***** Task data *****

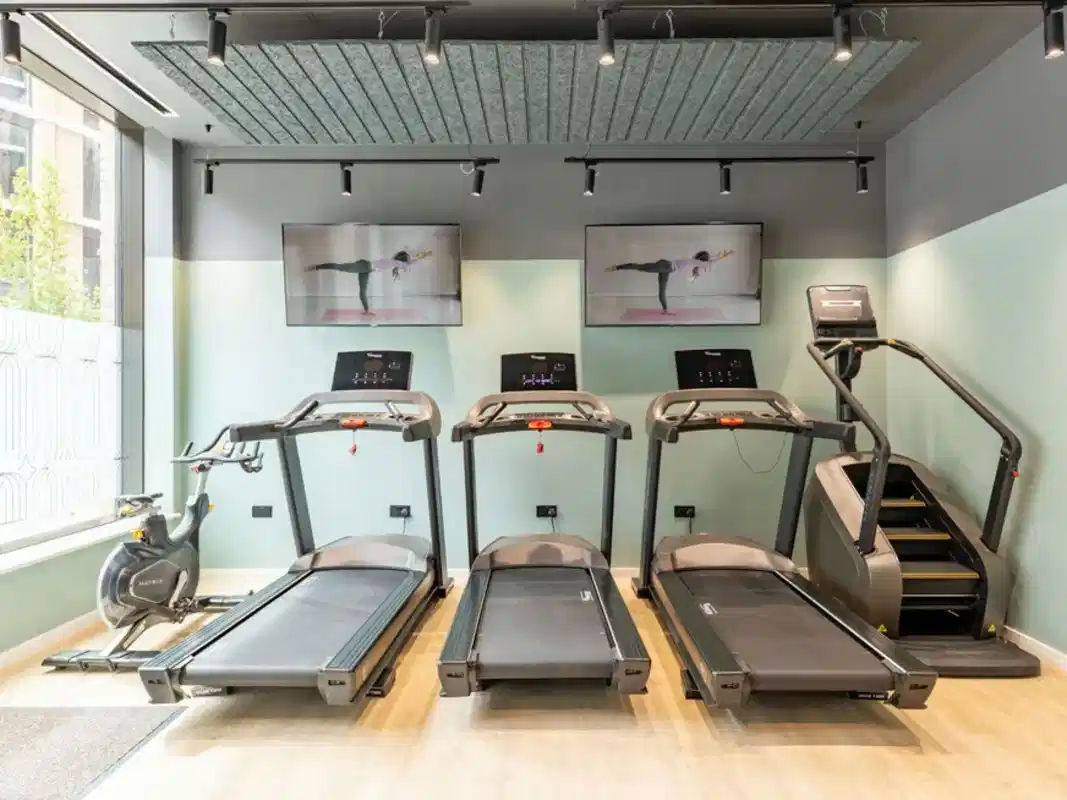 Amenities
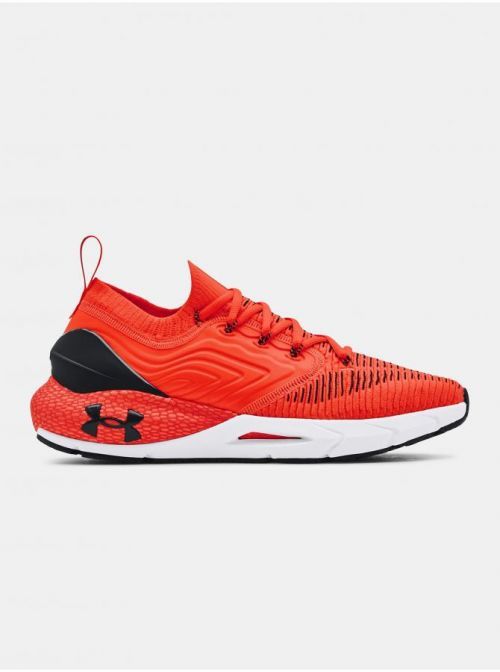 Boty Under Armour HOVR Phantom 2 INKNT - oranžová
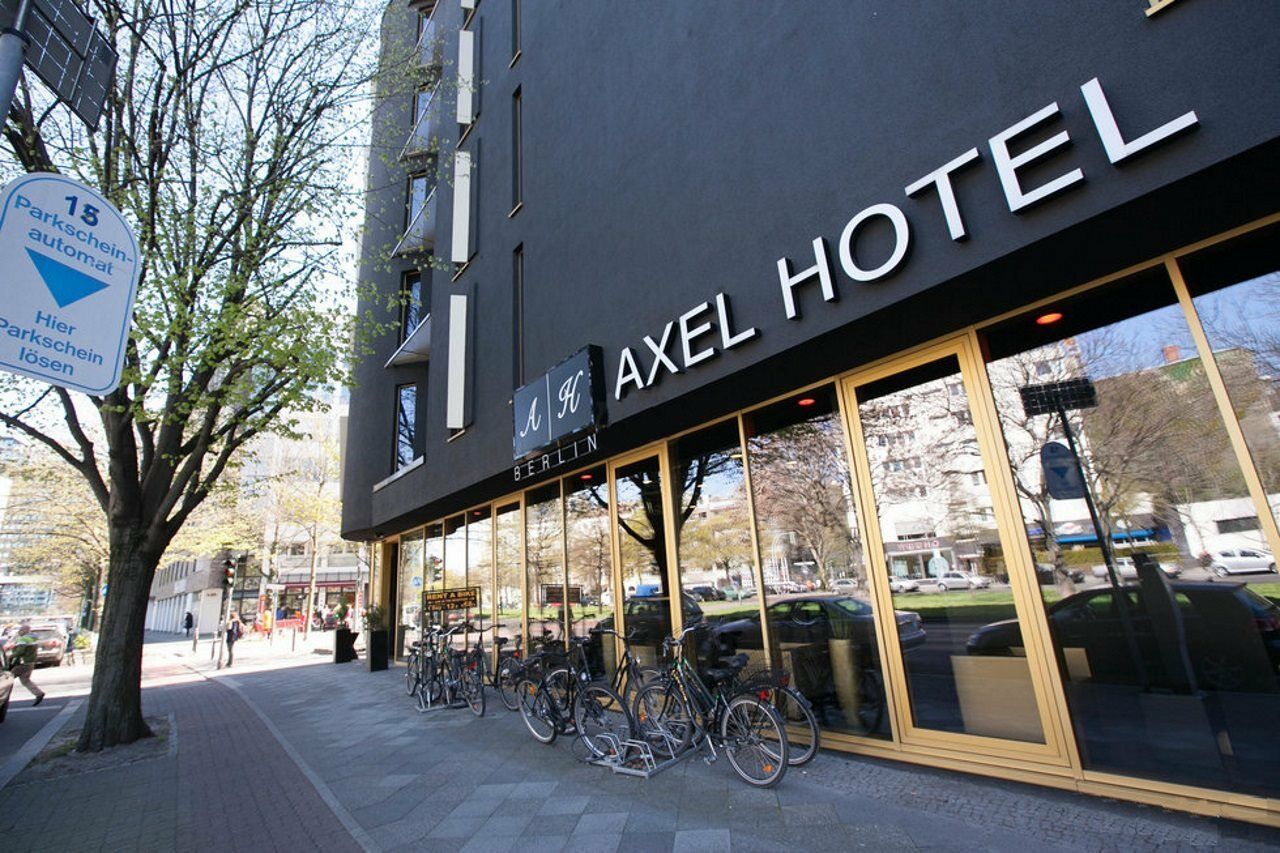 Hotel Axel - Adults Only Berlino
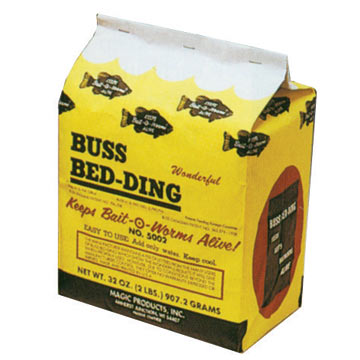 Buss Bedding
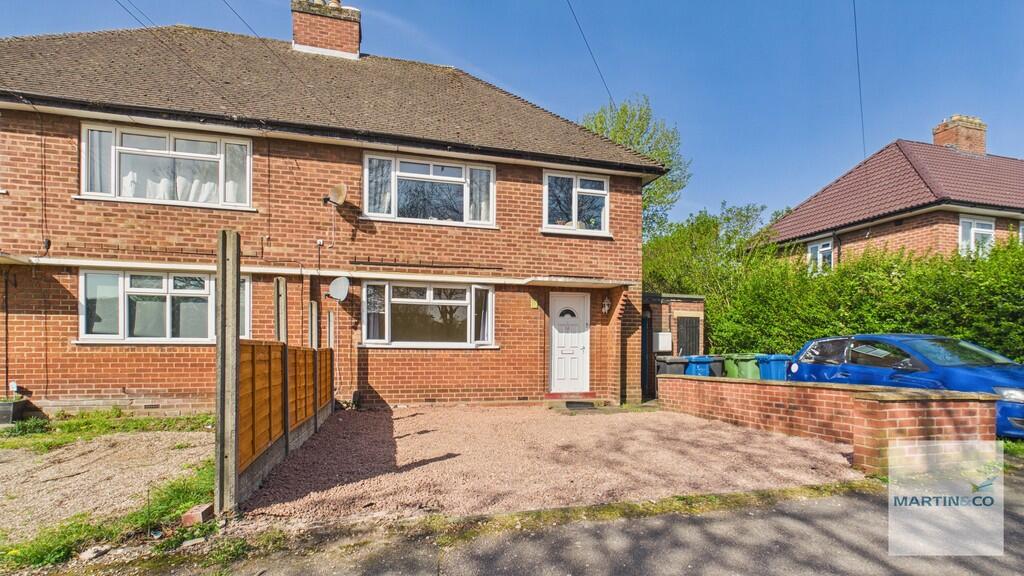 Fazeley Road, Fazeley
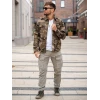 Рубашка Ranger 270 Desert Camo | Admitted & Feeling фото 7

*****

§ **What to produce**: From the line with "Hotel Axel - Adults Only Berlino" down to the last line of the records above, restate each line verbatim, passing over any picture.

§ **Response**:
 Hotel Axel - Adults Only Berlino
 Buss Bedding
 Fazeley Road, Fazeley
 Рубашка Ranger 270 Desert Camo | Admitted & Feeling фото 7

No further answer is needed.